I have a little bit of experience as a chess TD. Here is how I would do it.
* Games are two-player. With big prize money on the line, 3+p will be fraught with opportunities for kingmaking and collusion, and the integrity of the tournament would be difficult to maintain.
* Until the semifinals, matches are best 2 of 3. Loser plays first. The winner of a coin flip of each match chooses: play first in the first game (before seeing the Kingdom cards) or win the tie if the match goes 1-1-1 (or, by some crazy chance, 0-0-3). (I would prefer another game, but this is my concession to limited time.) In the semifinals, matches are best 3 of 5.
* The tournament structure is double elimination. With 256 players, this will produce a winner in 9 rounds. It allows all players at least two matches, and there is no incentive at any point to throw a match.
* If an independent Dominion system is available (Iso, Goko, whatever) that system is used to determine seeding. Otherwise it is random.
* Time is 75 minutes per 3-game match, 125 minutes per 5-game match. This allows a little bit of slack time.
* Players are required to play briskly. At the 45-minute mark, if game 2 is not finished, a TD may observe the game. If one player is playing slowly, and the match times out, the game will be adjudicated in favor of the opponent. Blatant stalling in the judgment of the TD will result in a disqualification. If both players are playing slowly, and the match times out, the third game is marked as a draw, but if the match is 1-1, the winner is decided by coin flip, not the tiebreak mentioned earlier.

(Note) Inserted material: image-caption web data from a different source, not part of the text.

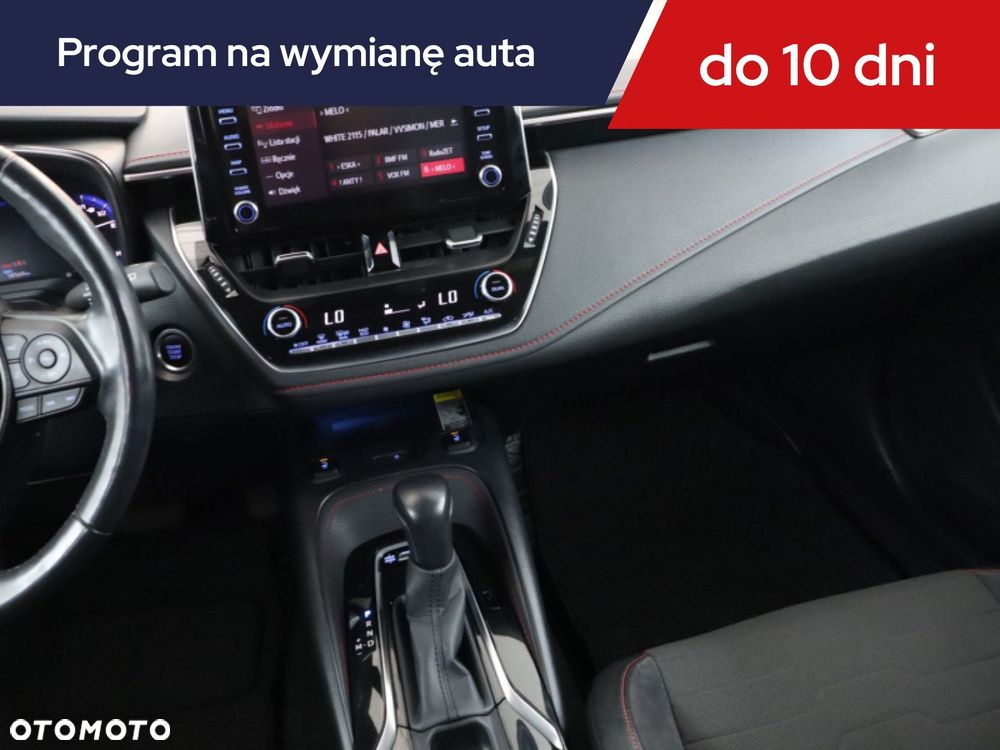 Toyota Corolla - 10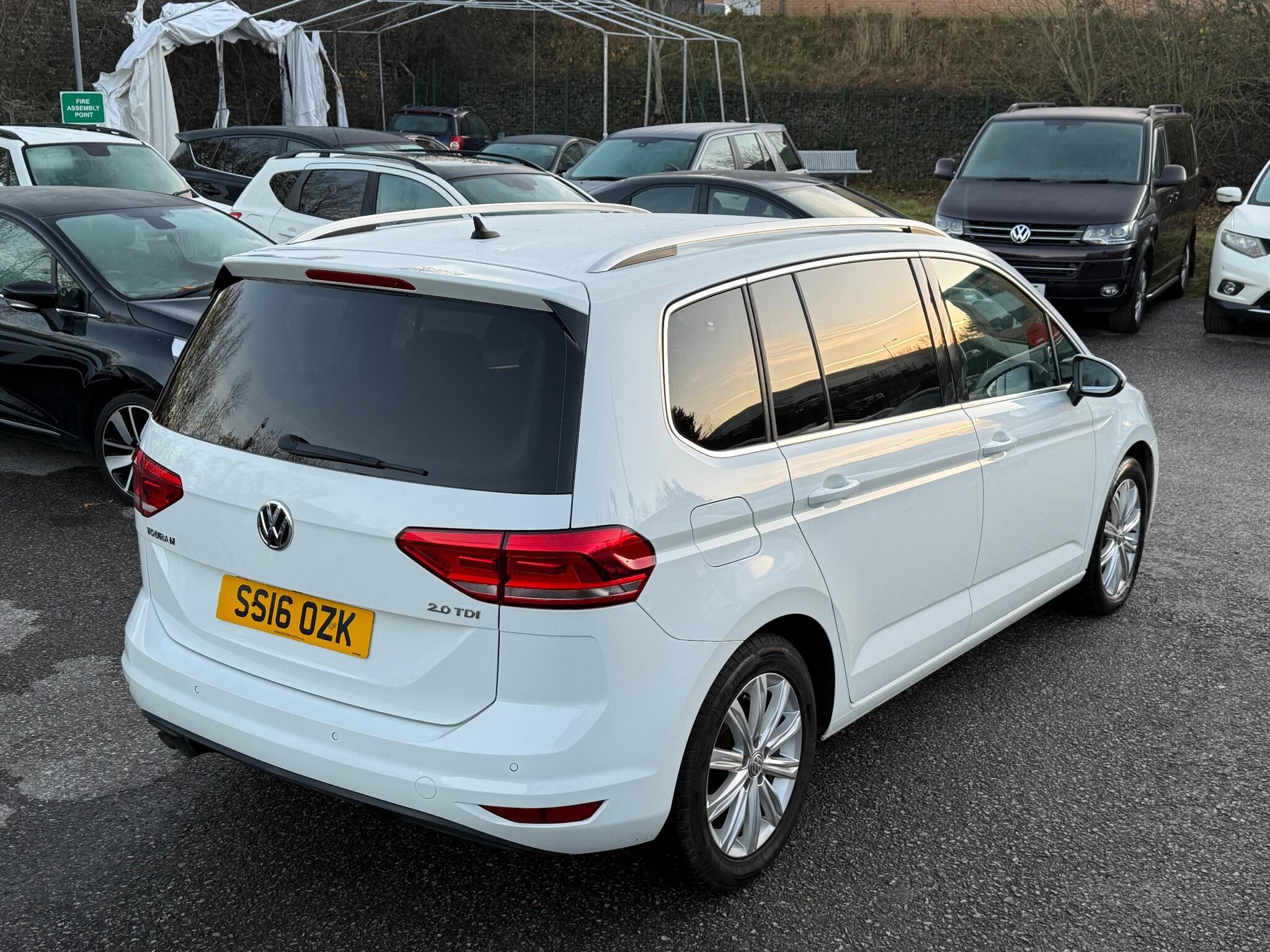 Volkswagen Touran - Image 15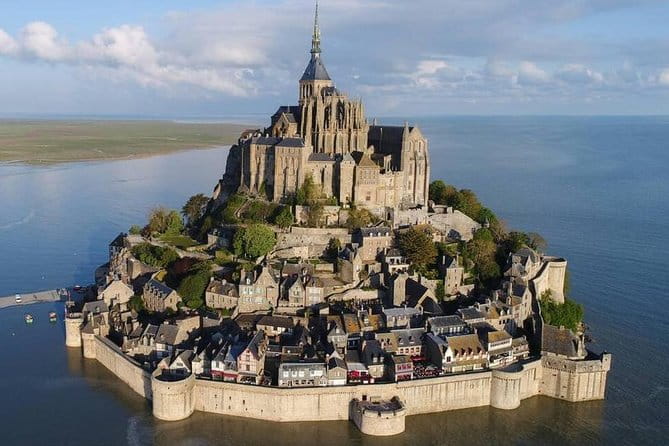 Chauffered driven car for one or several days (Rent minimum of 8 hours with a maximum of 25 kms per hour) - Exploring the French Regions in Comfort and Style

* Depending on the tournament, Kingdom cards may be selected either randomly or at the discretion of a celebrity set designer--i.e. DXV or his chosen heir. A randomly chosen Kingdom is mulliganed if there are not at least two cards costing $5, per DXV's statements about what makes a good Kingdom. They will not be revealed before the start of the tournament in any event. The Kingdom cards change each game, but during each round of the tournament, each set of players plays with the same Kingdom cards. This allows commentators to compare different strategies post-mortem.
* If random Kingdoms are used, players may opt to use veto mode. Veto mode is a tournament-long decision, and a match is played in veto mode only if both players have opted for it. In veto mode, 12 Kingdom cards are chosen and each player, in player order, chooses a card to eliminate. (I considered having the choice be made before the players know who is going first; but this prevents us from having the who-goes-first choice made before the Kingdom is revealed.)
* There is no identical-starting-hands rule.